### WHAT THE TASK REQUIRES:
Locate every line in the records below that contains the word "Blue", and copy each one.

### SOURCE DATA:
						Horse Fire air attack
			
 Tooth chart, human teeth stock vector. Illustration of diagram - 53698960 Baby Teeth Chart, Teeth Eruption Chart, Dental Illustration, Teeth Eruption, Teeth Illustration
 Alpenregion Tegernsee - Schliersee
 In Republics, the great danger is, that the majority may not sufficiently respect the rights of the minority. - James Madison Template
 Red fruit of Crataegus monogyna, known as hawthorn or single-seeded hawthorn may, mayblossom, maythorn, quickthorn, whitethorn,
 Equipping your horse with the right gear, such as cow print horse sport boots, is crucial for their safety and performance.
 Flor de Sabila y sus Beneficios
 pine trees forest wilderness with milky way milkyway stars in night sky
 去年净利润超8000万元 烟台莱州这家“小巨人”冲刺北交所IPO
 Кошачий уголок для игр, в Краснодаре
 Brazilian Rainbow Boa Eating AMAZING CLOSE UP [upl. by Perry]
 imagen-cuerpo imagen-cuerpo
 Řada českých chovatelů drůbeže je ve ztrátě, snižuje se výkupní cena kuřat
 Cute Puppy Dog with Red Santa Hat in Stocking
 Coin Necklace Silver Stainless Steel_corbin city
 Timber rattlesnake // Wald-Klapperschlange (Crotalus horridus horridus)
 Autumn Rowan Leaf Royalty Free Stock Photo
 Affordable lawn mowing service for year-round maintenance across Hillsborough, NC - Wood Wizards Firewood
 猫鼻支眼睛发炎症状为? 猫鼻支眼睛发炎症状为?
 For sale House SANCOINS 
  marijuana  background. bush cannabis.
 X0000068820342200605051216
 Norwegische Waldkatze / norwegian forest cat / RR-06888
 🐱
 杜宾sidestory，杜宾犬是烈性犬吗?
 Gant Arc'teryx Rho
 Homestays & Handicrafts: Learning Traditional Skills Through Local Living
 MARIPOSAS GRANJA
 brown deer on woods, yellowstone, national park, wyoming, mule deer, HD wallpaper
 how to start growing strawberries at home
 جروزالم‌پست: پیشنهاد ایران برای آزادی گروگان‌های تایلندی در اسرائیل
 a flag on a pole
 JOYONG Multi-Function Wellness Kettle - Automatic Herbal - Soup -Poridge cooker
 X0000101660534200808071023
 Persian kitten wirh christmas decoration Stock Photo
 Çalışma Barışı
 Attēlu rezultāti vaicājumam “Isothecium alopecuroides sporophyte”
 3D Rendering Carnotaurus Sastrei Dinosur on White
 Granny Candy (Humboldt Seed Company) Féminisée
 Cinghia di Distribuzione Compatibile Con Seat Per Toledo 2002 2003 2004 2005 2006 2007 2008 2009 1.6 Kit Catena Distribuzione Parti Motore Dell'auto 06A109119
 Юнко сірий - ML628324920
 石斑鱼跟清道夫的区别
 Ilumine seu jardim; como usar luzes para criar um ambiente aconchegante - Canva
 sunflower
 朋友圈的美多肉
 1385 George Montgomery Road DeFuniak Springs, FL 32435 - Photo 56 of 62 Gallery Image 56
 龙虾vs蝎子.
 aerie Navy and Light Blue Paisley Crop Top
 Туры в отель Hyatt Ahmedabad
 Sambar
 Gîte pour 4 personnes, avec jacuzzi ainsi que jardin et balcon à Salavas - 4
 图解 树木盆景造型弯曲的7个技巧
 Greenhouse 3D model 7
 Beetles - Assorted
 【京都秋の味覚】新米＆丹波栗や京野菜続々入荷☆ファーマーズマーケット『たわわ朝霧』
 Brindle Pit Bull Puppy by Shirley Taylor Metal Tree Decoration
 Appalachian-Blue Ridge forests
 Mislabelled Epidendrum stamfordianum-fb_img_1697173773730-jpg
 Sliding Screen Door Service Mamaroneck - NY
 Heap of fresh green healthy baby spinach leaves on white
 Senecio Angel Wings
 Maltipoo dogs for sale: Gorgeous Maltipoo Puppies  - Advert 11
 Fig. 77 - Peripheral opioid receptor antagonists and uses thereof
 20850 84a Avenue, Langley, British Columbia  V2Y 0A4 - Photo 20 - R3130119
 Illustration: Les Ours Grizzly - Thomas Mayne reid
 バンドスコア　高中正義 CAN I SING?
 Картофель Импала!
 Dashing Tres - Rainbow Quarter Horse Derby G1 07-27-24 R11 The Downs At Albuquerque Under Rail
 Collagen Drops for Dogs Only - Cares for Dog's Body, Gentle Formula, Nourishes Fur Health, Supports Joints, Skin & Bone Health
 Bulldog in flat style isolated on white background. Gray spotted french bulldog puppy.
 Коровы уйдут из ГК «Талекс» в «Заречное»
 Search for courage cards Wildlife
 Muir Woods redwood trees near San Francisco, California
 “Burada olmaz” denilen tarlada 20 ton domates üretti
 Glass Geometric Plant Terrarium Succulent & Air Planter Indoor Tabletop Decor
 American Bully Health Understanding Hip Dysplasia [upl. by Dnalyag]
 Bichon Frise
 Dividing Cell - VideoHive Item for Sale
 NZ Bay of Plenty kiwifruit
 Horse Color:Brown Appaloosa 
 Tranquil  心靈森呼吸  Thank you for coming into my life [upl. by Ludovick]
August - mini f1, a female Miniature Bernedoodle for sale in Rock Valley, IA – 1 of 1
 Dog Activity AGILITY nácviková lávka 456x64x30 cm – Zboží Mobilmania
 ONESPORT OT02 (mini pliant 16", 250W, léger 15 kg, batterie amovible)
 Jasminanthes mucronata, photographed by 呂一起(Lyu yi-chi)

### WORKED SOLUTION:
 aerie Navy and Light Blue Paisley Crop Top
 Appalachian-Blue Ridge forests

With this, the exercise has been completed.